Y sin embargo, al entierro solo asistimos los cuatro miembros de la familia. Al parecer la abuela, tan amiga de ágapes y cócteles de sociedad, había organizado su última despedida sin pompa ni circunstancia, como un evento más de nuestra rutina doméstica, un desayuno o una merienda. Ni siquiera se habían presentado sus mucamas ni su abogado. Y eso que, como sabía incluso yo a mis 11 años, la gente que más apreciaba a la abuela era la que cobraba regularmente de ella sin tener que aguantar su prepotencia y su mal humor. Sus familiares también vivíamos de su dinero, es verdad, pero los rigores de su compañía, su sarcasmo y su desprecio, convertían nuestra manutención en el mediocre salario por un trabajo duro.
De vuelta en casa, nuevas señales fueron revelando que la abuela, en realidad, no tenía pensado marcharse. Había organizado ese funeral porque un cuerpo muerto se estropea, y su vanidad le impedía andar maloliente por la casa. Pero no iba a privarse de seguir recibiendo en casa. No perdería su lugar como la socialité más cotizada de la ciudad. Se había pasado la vida labrándose una posición, y no sacrificaría todo eso por un detalle tan vulgar como estar pudriéndose en un cajón a dos metros bajo tierra.

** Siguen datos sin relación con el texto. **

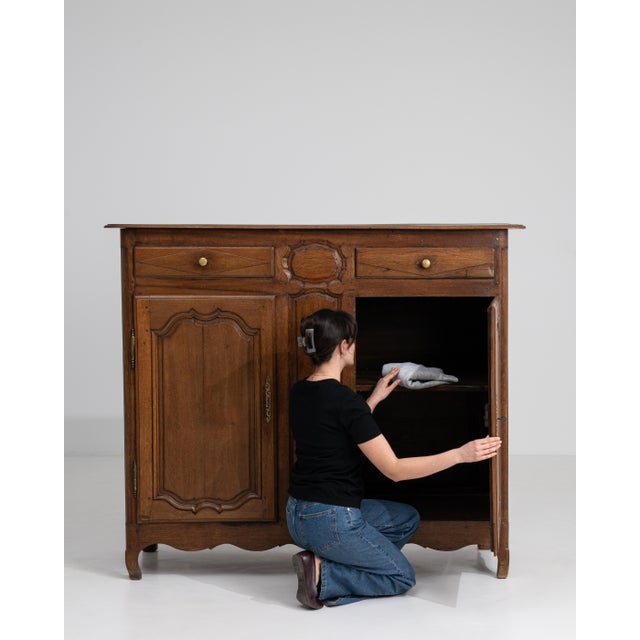 French Early 19th Century Oak Louis XV Buffet For Sale - Image 3 of 12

Comencé a comprenderlo esa misma tarde, al pasar frente a la habitación del abuelo. A fuerza de aguantar a su mujer durante seis décadas, el abuelo llevaba un buen tiempo viviendo tras una neblina mental, incapaz de recordar nuestros nombres o de saber dónde vivía. Aún así, esa tarde mostró una gran seguridad al salir a mi encuentro y gritarme:
—¡Dile a tu abuela que si quiere hablar conmigo tendrá que venir a buscarme!
—Abuelo, la abuela está muerta. La enterramos esta mañana.
—¡Díselo de todos modos!
Y se encerró dando un portazo.
Seguí mi camino hacia la cocina, en busca de una magdalena, y al pasar junto al salón, escuche a mis padres hablando:
—Del patrimonio, no quedan más que deudas —decía mi padre—. Lo siento, cariño, pero tu herencia es un gran agujero fiscal.

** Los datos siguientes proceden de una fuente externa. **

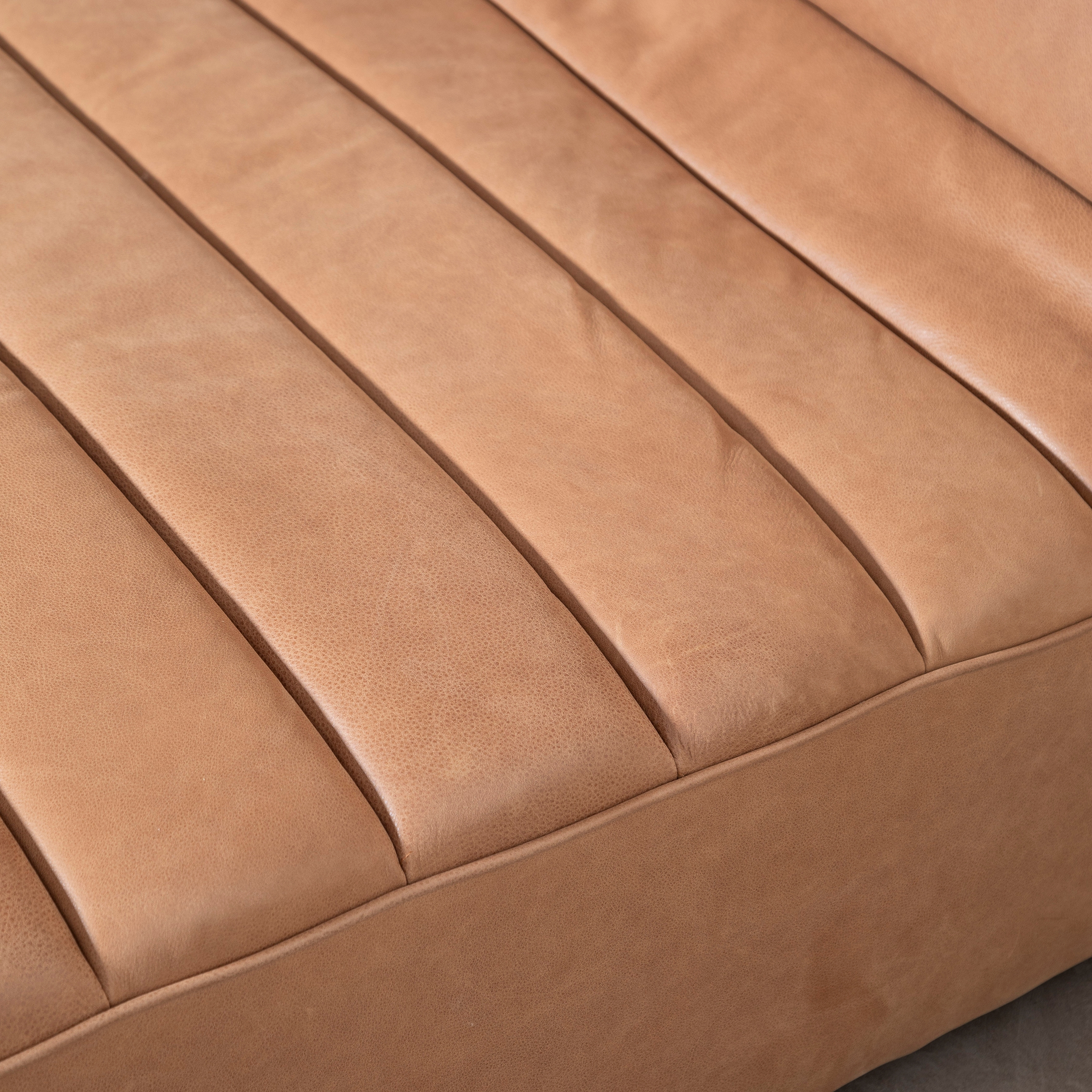 SHABBY DERİ DAYBED CAMEL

—Si es que mi madre lo hace todo para molestar —respondía mi madre—. Hasta morirse.
Entendí que la abuela había empleado un truco maestro: al morirse, se ahorraba la pestilencia y transfería sus deudas, pero mantenía su brillo social y su pasatiempo favorito, que era torturar al abuelo. Y todo con un costo mínimo.
Admiré su inteligencia, pero también sentí miedo. Mucho miedo. Porque si alguien en nuestra casa tenía razones para querer a la abuela muerta —muerta de verdad, digo, muerta del todo, sin dudas ni murmuraciones— ese era precisamente yo.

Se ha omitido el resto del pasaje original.